Tibet ist in diesen Tagen mehr als je zuvor in den Nachrichten. Der Aufstand Tausender Tibeter in Tibet, das brutale Eingreifen der Chinesischen Regierung und Protestaktionen des International Tibet Support Network fordern Regierungen und NGOs heraus, Statements zu den Menschenrechtsverletzungen in Tibet abzugeben. Es ist nicht so, als würden Tibeter zum ersten Mal ihrem Kampf um Unabhängigkeit, bzw. echter Autonomie, wie vom Dalai Lama gewünscht, Ausdruck verleihen.

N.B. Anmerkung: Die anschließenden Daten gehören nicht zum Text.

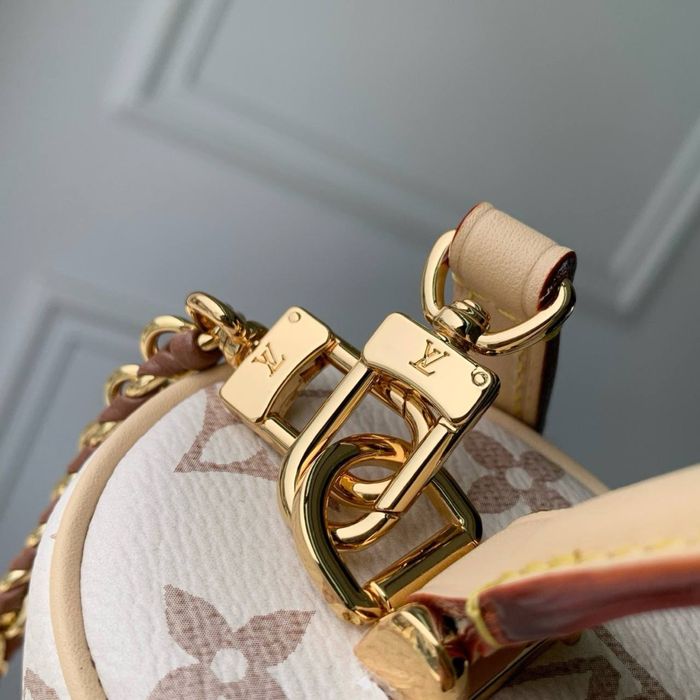 Geanta Louis Vuitton Vanity Pouch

Am 17. April war Indiens Hauptstadt Delhi lahm gelegt. 17.000 Polizisten, die Nationale Sicherheitsgarde und Chinesische Sicherheitsbeamte waren im Einsatz, um die Olympische Fackel auf ihrer Station durch Delhi von tibetischen Protesten abzuschirmen. Delhi hat wohl selten so einen Sicherheitsaufwand betrieben. Und das alles auf Wunsch Pekings, um den Olympischen Geist aufrechtzuerhalten. Dieser Aufwand, der wie ein Spagat anmutete, ist der Versuch, China nicht zu verärgern und gleichzeitig die Beziehungen zu Tibetern und dem Dalai Lama aufrecht zu erhalten. Für die Öffentlichkeit war dieser Kniefall wie eine Show des geringen Selbstwertgefühls Indiens gegenüber China und es hatte den Anschein, als ob Peking wieder einmal mehr Indiens Politik bestimmt hat.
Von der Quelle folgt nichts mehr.